XML 23 R13.htm IDEA: XBRL DOCUMENT v3.23.1
Commitments and Contingencies
3 Months Ended
Mar. 31, 2023
Commitments and Contingencies [Abstract]  
COMMITMENTS AND CONTINGENCIES

NOTE 6—COMMITMENTS AND CONTINGENCIES

 

Registration Rights

 

Pursuant to a registration rights agreement entered into on September 24, 2020, the holders of the Founder Shares, Private Warrants (and their underlying securities) and any warrants that may be issued upon conversion of working capital loans (“Working Capital Warrants”), if any, will be entitled to registration rights (in the case of the Founder Shares, only after conversion of such shares to shares of Class A common stock). These holders will be entitled to certain demand and “piggyback” registration rights.

 

The Company will bear the expenses incurred in connection with the filing of any such registration statements.

 

Underwriting Agreement

 

The underwriters were entitled to a deferred fee of $0.35 per Unit, or $6,125,000.

 

On August 22, 2022, UBS agreed to waive its entitlement to the deferred underwriting commission of $4,593,750 to which it became entitled upon completion of the Company’s Initial Public Offering, subject to the consummation of the Transaction. On a December 27, 2022, the Company announced the completion of the redemption of its outstanding shares of Class A common stock subject to redemption, totaling 2,046,609 shares issued in its IPO, in accordance with the provision of its charter, which resulted in the forfeiture of the remaining $1,531,250 of the deferred underwriting fee. As a result, the Company derecognized the entire deferred underwriting fee payable of $6,125,000 and recorded $5,815,688 of the forgiveness of the deferred underwriting fee allocated to Public Shares to the carrying value of the shares of Class A common stock and the remaining balance of $309,312 was as a gain from extinguishment of liability allocated to warrant liabilities.
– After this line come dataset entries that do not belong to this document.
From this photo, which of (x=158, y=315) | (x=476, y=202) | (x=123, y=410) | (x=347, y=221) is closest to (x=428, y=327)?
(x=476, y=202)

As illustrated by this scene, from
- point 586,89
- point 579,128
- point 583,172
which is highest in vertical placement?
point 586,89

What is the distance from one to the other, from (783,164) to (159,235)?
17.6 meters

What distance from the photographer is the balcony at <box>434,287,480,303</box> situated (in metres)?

As of March 31, 2023 and December 31, 2022, the deferred underwriting fee payable is $0.

 

Risks and Uncertainties

 

Management is continuing to evaluate the impact of the COVID-19 pandemic on the industry and has concluded that while it is reasonably possible that the ongoing macroeconomic impact of the virus could have a negative effect on the Company’s financial position, results of its operations and/or search for a potential business opportunity, the specific impact is not readily determinable as of the date of these financial statements. The financial statements do not include any adjustments that might result from the outcome of this uncertainty.

 

Inflation Reduction Act of 2022

 

On August 16, 2022, the Inflation Reduction Act of 2022 (the “IR Act”) was signed into federal law. The IR Act provides for, among other things, a new U.S. federal 1% excise tax on certain repurchases of stock by publicly traded U.S. domestic corporations and certain U.S. domestic subsidiaries of publicly traded foreign corporations occurring on or after January 1, 2023. The excise tax is imposed on the repurchasing corporation itself, not its shareholders from which shares are repurchased. The amount of the excise tax is generally 1% of the fair market value of the shares repurchased at the time of the repurchase. However, for purposes of calculating the excise tax, repurchasing corporations are permitted to net the fair market value of certain new stock issuances against the fair market value of stock repurchases during the same taxable year. In addition, certain exceptions apply to the excise tax. The U.S. Department of the Treasury (the “Treasury”) has been given authority to provide regulations and other guidance to carry out and prevent the abuse or avoidance of the excise tax.

 

Any redemption or other repurchase that occurs after December 31, 2022, may be subject to the excise tax. Whether and to what extent the Company would be subject to the excise tax will depend on a number of factors, including (i) the fair market value of the redemptions and repurchases, (ii) the structure of a transaction, (iii) the nature and amount of any “PIPE” or other equity issuances, and (iv) the content of regulations and other guidance from the Treasury. In addition, because the excise tax would be payable by the Company and not by the redeeming holder, the mechanics of any required payment of the excise tax have not been determined. The foregoing could cause a reduction in the cash available on hand to complete a transaction.